# Your objective
May I have the line containing "SHINA 10pcs 32mm" and every line after it through the end of the data, repeated exactly and with no other lines?

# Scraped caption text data

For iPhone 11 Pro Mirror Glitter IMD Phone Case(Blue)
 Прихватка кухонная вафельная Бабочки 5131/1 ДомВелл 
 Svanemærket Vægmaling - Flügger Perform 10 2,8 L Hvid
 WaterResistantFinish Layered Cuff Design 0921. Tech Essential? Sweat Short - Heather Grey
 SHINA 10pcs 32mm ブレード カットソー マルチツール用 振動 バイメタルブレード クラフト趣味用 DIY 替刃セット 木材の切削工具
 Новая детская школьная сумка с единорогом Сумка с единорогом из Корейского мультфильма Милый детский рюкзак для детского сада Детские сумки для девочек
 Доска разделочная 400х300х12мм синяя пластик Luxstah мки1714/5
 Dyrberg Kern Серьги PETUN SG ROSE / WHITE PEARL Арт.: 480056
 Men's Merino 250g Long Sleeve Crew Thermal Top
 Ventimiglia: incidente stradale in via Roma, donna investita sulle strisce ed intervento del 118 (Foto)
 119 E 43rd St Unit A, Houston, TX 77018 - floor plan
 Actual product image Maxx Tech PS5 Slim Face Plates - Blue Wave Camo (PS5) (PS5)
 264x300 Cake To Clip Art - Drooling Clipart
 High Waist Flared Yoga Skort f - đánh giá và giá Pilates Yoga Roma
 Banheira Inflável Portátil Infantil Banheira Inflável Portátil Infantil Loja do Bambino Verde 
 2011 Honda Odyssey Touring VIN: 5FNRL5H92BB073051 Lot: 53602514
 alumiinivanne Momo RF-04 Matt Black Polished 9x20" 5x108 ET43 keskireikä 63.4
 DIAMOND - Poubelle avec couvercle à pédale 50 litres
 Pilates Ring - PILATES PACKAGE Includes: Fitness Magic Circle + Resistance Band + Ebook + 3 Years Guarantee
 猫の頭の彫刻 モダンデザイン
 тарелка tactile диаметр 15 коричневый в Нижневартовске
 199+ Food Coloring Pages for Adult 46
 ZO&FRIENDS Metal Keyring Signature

# Finished exercise
 SHINA 10pcs 32mm ブレード カットソー マルチツール用 振動 バイメタルブレード クラフト趣味用 DIY 替刃セット 木材の切削工具
 Новая детская школьная сумка с единорогом Сумка с единорогом из Корейского мультфильма Милый детский рюкзак для детского сада Детские сумки для девочек
 Доска разделочная 400х300х12мм синяя пластик Luxstah мки1714/5
 Dyrberg Kern Серьги PETUN SG ROSE / WHITE PEARL Арт.: 480056
 Men's Merino 250g Long Sleeve Crew Thermal Top
 Ventimiglia: incidente stradale in via Roma, donna investita sulle strisce ed intervento del 118 (Foto)
 119 E 43rd St Unit A, Houston, TX 77018 - floor plan
 Actual product image Maxx Tech PS5 Slim Face Plates - Blue Wave Camo (PS5) (PS5)
 264x300 Cake To Clip Art - Drooling Clipart
 High Waist Flared Yoga Skort f - đánh giá và giá Pilates Yoga Roma
 Banheira Inflável Portátil Infantil Banheira Inflável Portátil Infantil Loja do Bambino Verde 
 2011 Honda Odyssey Touring VIN: 5FNRL5H92BB073051 Lot: 53602514
 alumiinivanne Momo RF-04 Matt Black Polished 9x20" 5x108 ET43 keskireikä 63.4
 DIAMOND - Poubelle avec couvercle à pédale 50 litres
 Pilates Ring - PILATES PACKAGE Includes: Fitness Magic Circle + Resistance Band + Ebook + 3 Years Guarantee
 猫の頭の彫刻 モダンデザイン
 тарелка tactile диаметр 15 коричневый в Нижневартовске
 199+ Food Coloring Pages for Adult 46
 ZO&FRIENDS Metal Keyring Signature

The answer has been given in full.